In an online conversation involving millions of people, how can we measure the disruptive impact of a single event?
Let’s consider the case of #BlackLivesMatter. What started off as a hashtag has blossomed into a full-fledged movement, and the American Dialect Society recently selected #BlackLivesMatter as Word of the Year for 2014 — a testament to the impact it has had in shaping public discussion around social justice. An analysis of social media interactions using natural language processing provides rich insight into important conversations about race in America.
The single event we’re looking at here took place on Dec. 3, 2014, when a grand jury failed to indict NYPD Officer Daniel Pantaleo in the death of Eric Garner. #BlackLivesMatter predates this event — it actually came into use in 2013 following the shooting of Trayvon Martin, but really rose to prominence following the August 2014 shooting of Michael Brown in Ferguson, MO. By November 2014, #BlackLivesMatter had come to embody many facets of the discussion surrounding race, violence, and justice in America, and was not just tied to discussions of specific incidents. Following these events, the conversation became crystallized around this new story.
To see how #BlackLivesMatter and discussions of social justice changed after Dec. 3, let’s begin by setting the stage with how #BlackLivesMatter was being used the month before.
One very useful way to explore the themes in large amounts of data is to use topic modeling — an automatic method of extracting recurring themes in a set of documents based on patterns of words that tend to occur near each other (for more details, see our recent blog post on themes in Dr. King’s sermons and speeches). We took a sample of about 350,000 tweets from the month of November and automatically identified 30 topics in this data. For example, one topic captures discussions of Michael Brown’s death in the context of other recent police shootings, including key terms such as: justiceformikebrown, ferguson, tamir rice, trayvon martin, justice, family, and rip.
Of the 30 topics, only 15 pointed directly to conversations around the Michael Brown shooting.
The rest of the topics we found related to other things — either specific events or social justice more generally. One topic focuses on “hoods off,” the campaign by the hacktivist group Anonymous to reveal the identities of KKK members around the country.

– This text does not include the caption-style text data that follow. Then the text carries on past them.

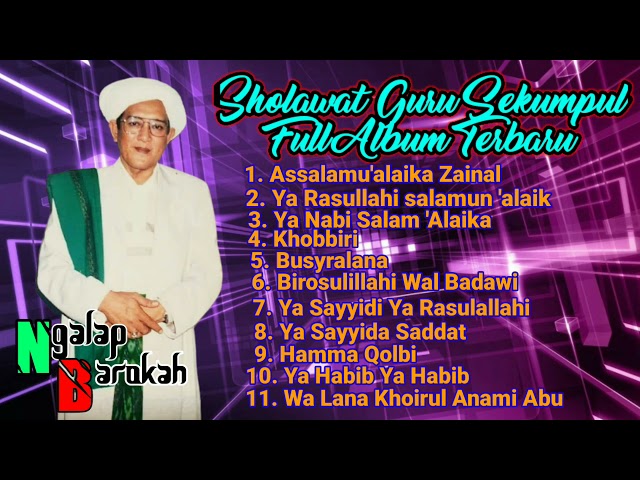 Sholawat Guru Sekumpul FULL ALBUM TERBARU 2021 || Insya Allah Berkah Sedoyo || Amin class=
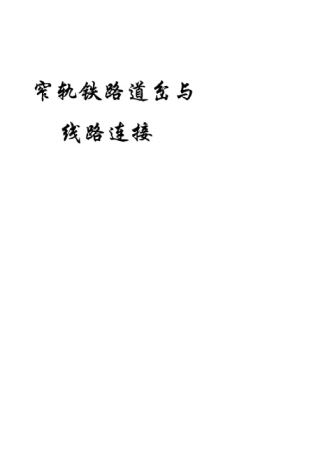 窄轨铁路道岔与线路连接
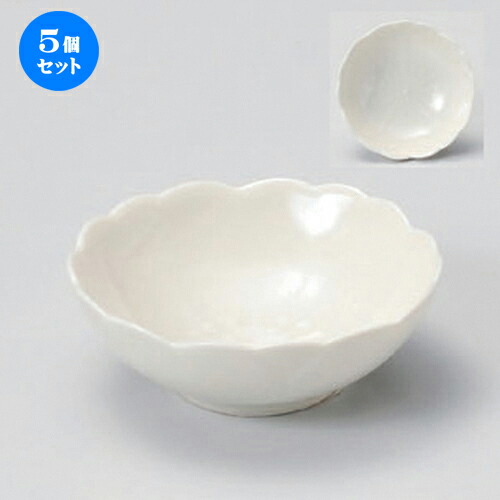5個セット☆ 小付 ☆さくらコツケ (黄釉) [ 8.5 x 3cm (50cc) 65g ] | 和食器 鉢 小鉢 ボウル 料亭 ホテル 食器 業務用 飲食店 カフェ うつわ 器 おしゃれ かわいい ギフト プレゼント 内祝い 誕生日 贈り物 贈答品 おすすめ 食器セット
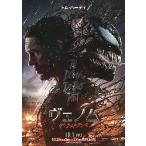  фильм рекламная листовка |venom The * последний Dance (T Hardy )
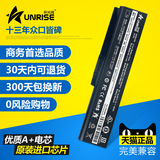 东芝/Toshiba L600 L700 L630 C600 L730 M600笔记本电脑电池6芯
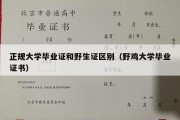 正规大学毕业证和野生证区别（野鸡大学毕业证书）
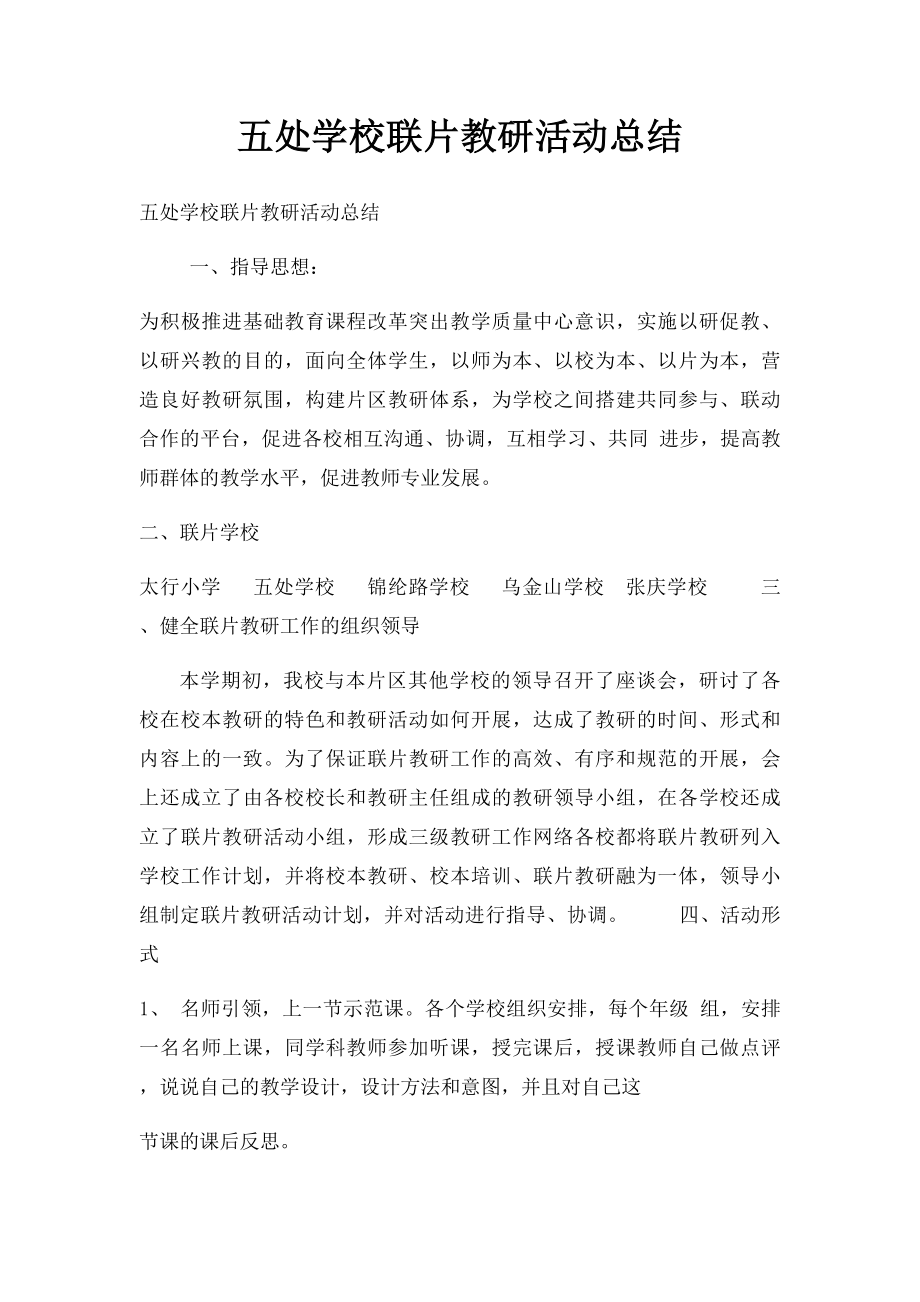 五处学校联片教研活动总结.docx_第1页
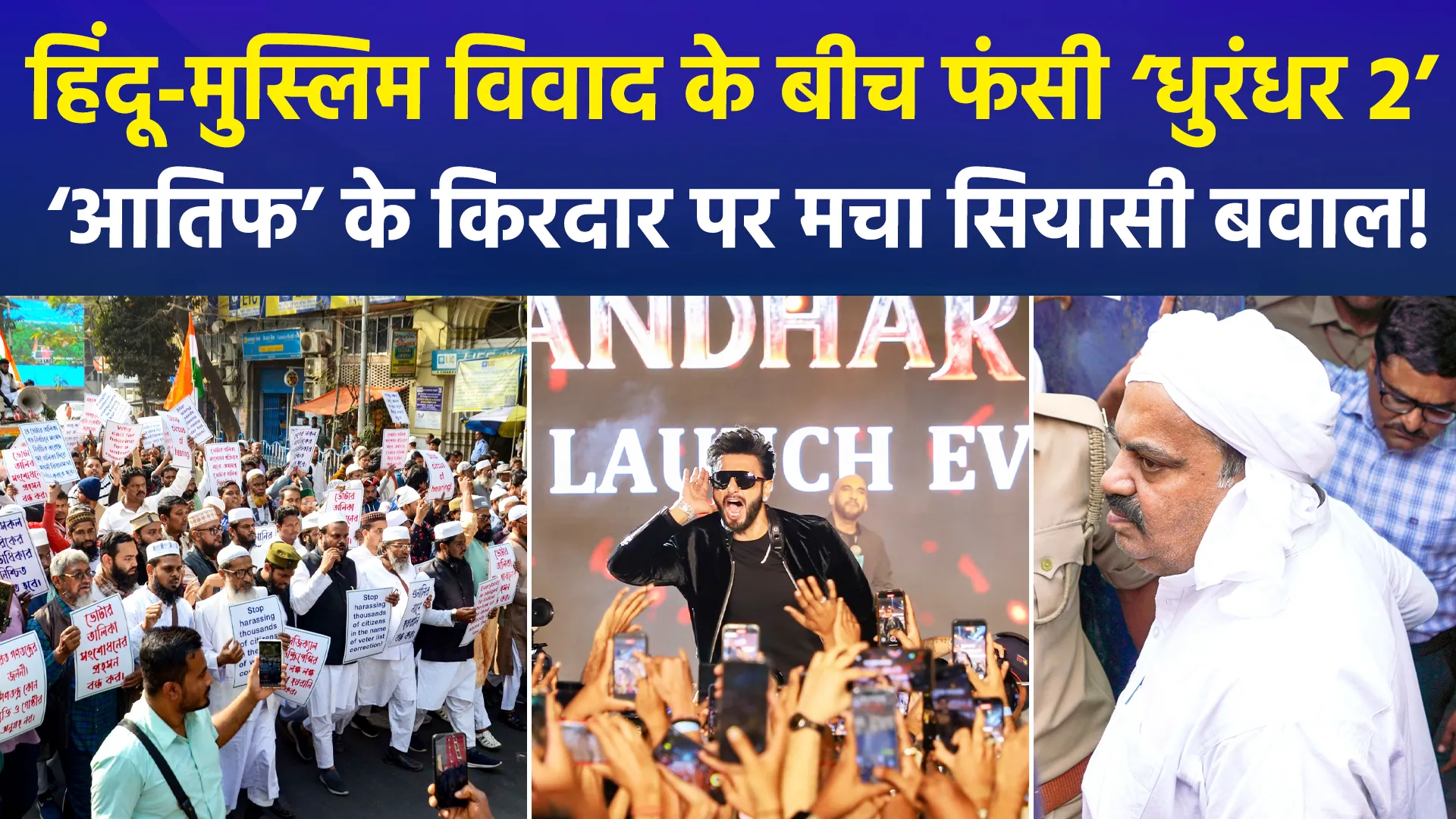 फिल्म 'धुरंधर 2' में अतीक अहमद जैसे किरदार पर विवाद, यूपी में 'पाक समर्थित सरकार' की साजिश का दावा, मचा बवाल 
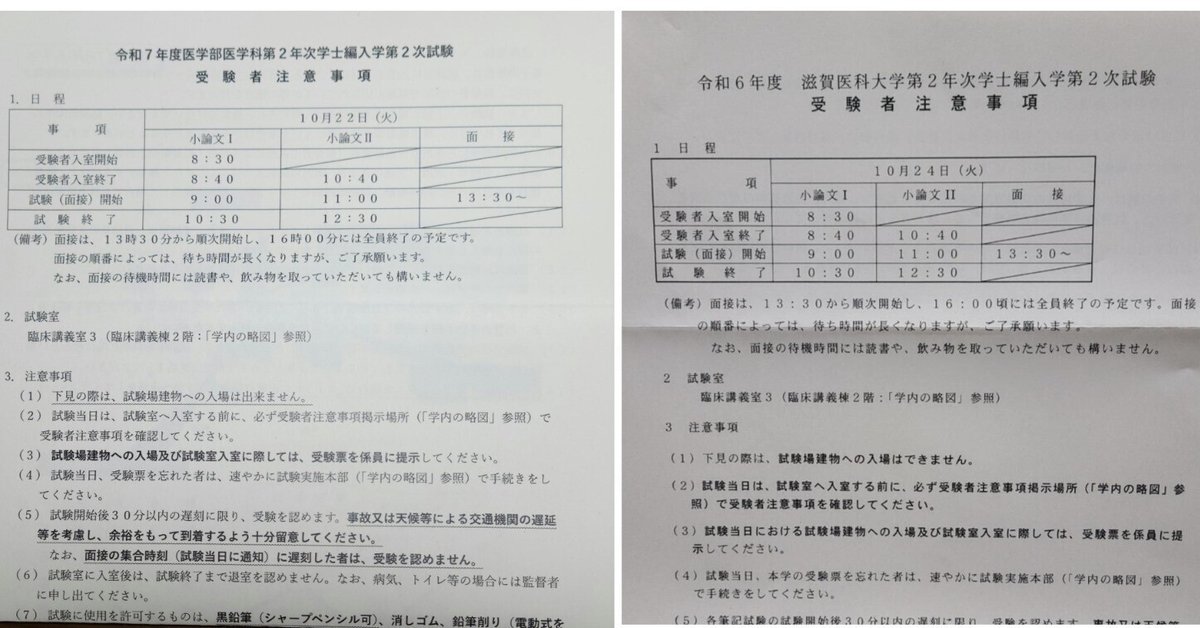 医学部学士編入 滋賀医科大学 解答 H26〜R2 医学部学士編入 滋賀医科大学 解答 H26〜R2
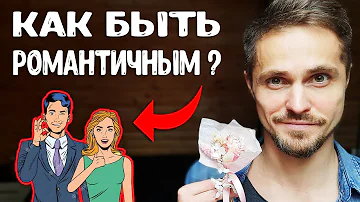 Как быть романтичным? ПРОВЕРЕННЫЙ способ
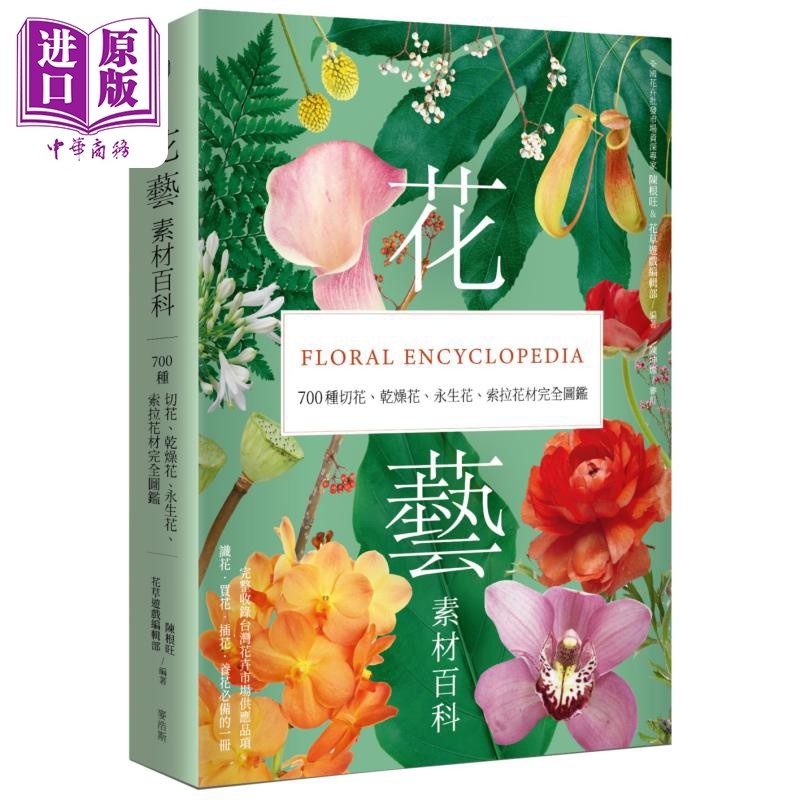 花艺素材百科 700种切花 干燥花 永生花 索拉花材完全图鉴 港台原版 陈根旺 花草游戏编辑部 麦浩斯出版【中商原版】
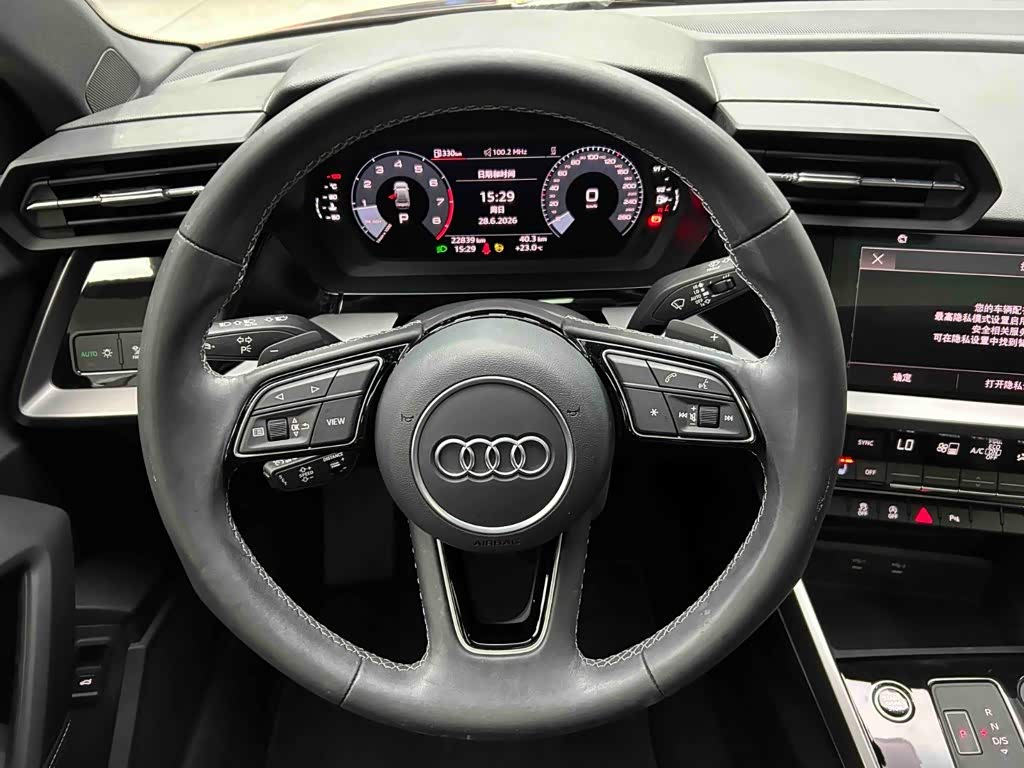 Audi A3 1.4 л 2023 г. Зелёный, пробег 22799 км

Another captures the discussion surrounding the #AllLivesMatter hashtag, which is viewed by many as expressing opposition to the #BlackLivesMatter movement:
— Arthur Chu (@arthur_affect) November 27, 2014
These topics are well-defined but they are individually much less frequent than general discussions of #BlackLivesMatter and social justice. The circles in the graph below represent the relative number of tweets corresponding to each topic. The large blue circle represents general discussions while the red and green circles represent #AllLivesMatter and “hoods off” respectively:
In the month of #BlackLivesMatter tweets following Officer Pantaleo’s non-indictment on Dec. 3, the picture changes significantly: 27 out of 30 automatically-identified topics directly reference Eric Garner, and all 30 topics reflect the hashtag #ICantBreathe, which references Garner’s last words and for a period of time nearly matched #BlackLivesMatter in its frequency of use. This shows just how much this single event crystallized the #BlackLivesMatter discussion — while people continued to talk about many things beyond the death of Eric Garner, that subject immediately became important to every facet of the discussion. It is also the case that the events of Dec. 3 added fuel to the fire of protests and social justice movements. Discussions of #BlackLivesMatter peaked around the time of the Ferguson protests in August, and then began to recede somewhat. The non-indictment of Officer Pantaleo represented the second, and to many people even more glaring, instance of a police officer not being brought to trial in a questionable death, and these events then revived and for a time dominated the discussion.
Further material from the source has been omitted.